According to a securities filing, the for-profit college operator agreed to sell 600,000 square feet of office space to a unit of Cole Real Estate Investments for $170 million. Apollo then will lease the properties back at an annual rate of $12 million, with 2% increases each subsequent year. The lease life is 20 years.

Apollo expects $28 million in gains on the sale, to be realized throughout the life of the lease.

"We are taking many steps to optimize the structure of our current real estate portfolio, and we will continue to execute on opportunities to improve our space utilization and market leasing terms," spokesman Manny Rivera said in an emailed statement.

A representative from Cole wasn't immediately available for comment.

Apollo, whose schools include University of Phoenix, has been trying to cut costs as its student body shrinks and marketing expenses increase.

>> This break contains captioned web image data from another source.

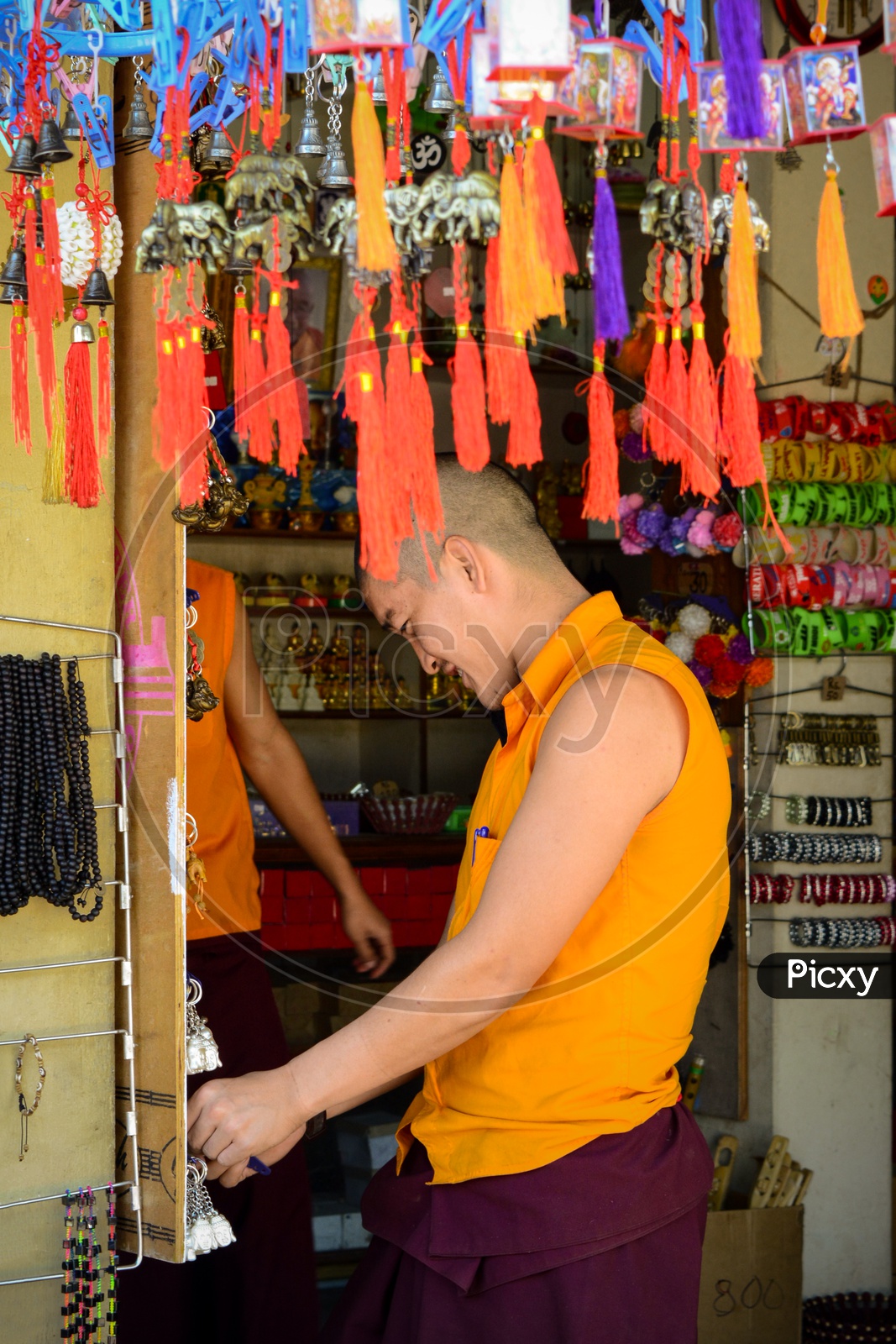 A buddhist monk checking out souvenirs at a shop.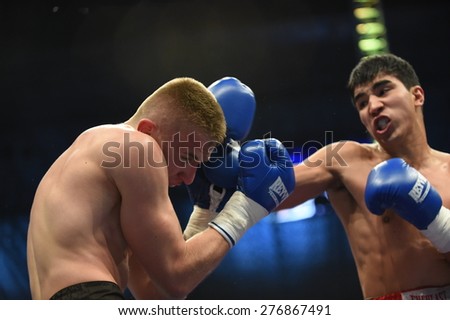 Lviv, UKRAINE -October 4, 2014 : An unidentified boxers in the ring during fight for ranking points in the Arena Lviv Stadium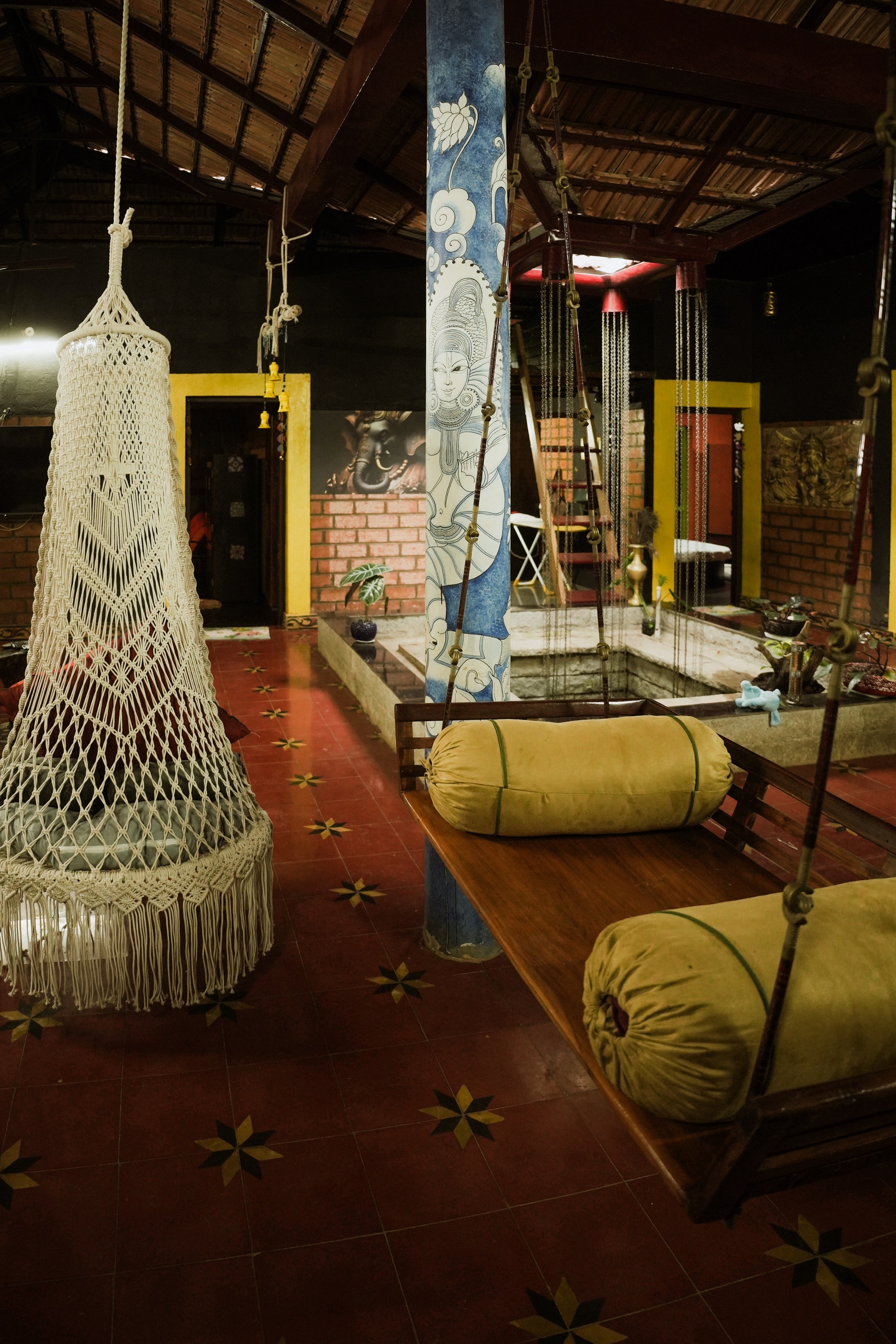 Hanging chairs and hand-painted pillar in the living area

The company tightened its admissions standards after it and peers were criticized for lax practices and poor student-loan repayment rates. Apollo also is facing higher advertising costs and more competition in attracting high-quality students who stand a chance of completing the programs. In January, Apollo reported fiscal first-quarter new-student enrollment tumbled by 42.4%, with overall enrollment off 3.8% to 438,100.

Apollo reports fiscal second quarter results on Tuesday.